▶ **ENTRIES PROVIDED**
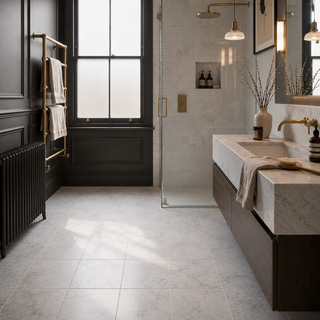 A modern bathroom interior with white grey marble floor and wall tiles, a white marble vanity, dark wood cabinetry, brass fixtures, a glass shower door and a black window with frosted glass.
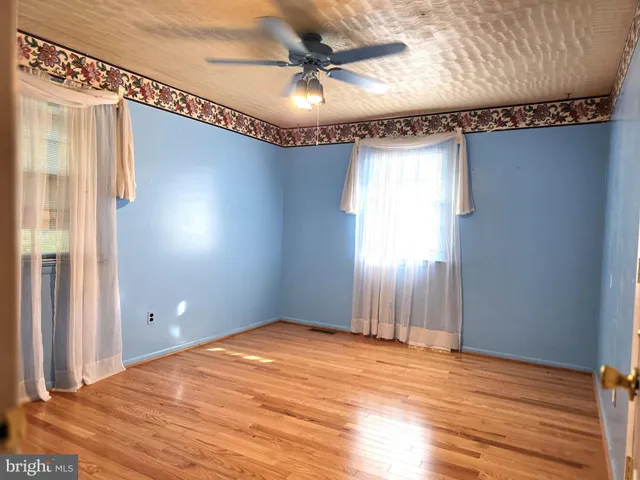 a bedroom with a bed and a chair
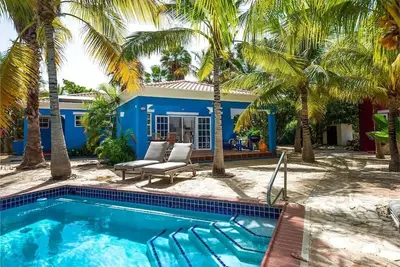 Well furnished, 1 story open floor plan villa with veranda and adjacent to pool.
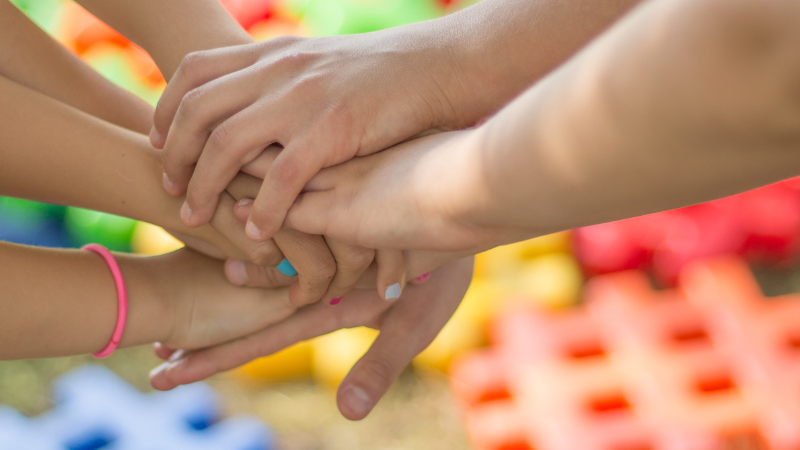 Photos of multiple pairs of hands stacked on top of each other.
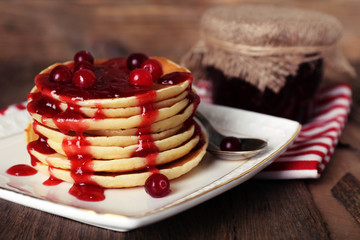Stack of delicious pancakes with cranberries and jam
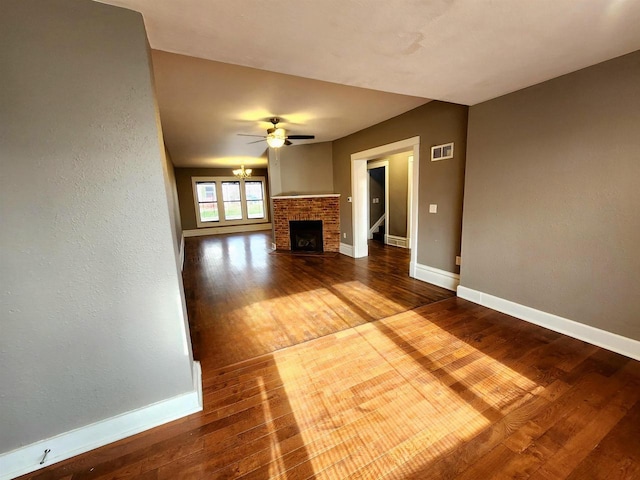 unfurnished living room featuring visible vents, hardwood / wood-style floors, baseboards, a brick fireplace, and ceiling fan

▶ **TASK TO COMPLETE**
Retype the whole listing word for word. Skip the pictures.

▶ **RESULT OF THE TASK**
 A modern bathroom interior with white grey marble floor and wall tiles, a white marble vanity, dark wood cabinetry, brass fixtures, a glass shower door and a black window with frosted glass.
 a bedroom with a bed and a chair
 Well furnished, 1 story open floor plan villa with veranda and adjacent to pool.
 Photos of multiple pairs of hands stacked on top of each other.
Stack of delicious pancakes with cranberries and jam
 unfurnished living room featuring visible vents, hardwood / wood-style floors, baseboards, a brick fireplace, and ceiling fan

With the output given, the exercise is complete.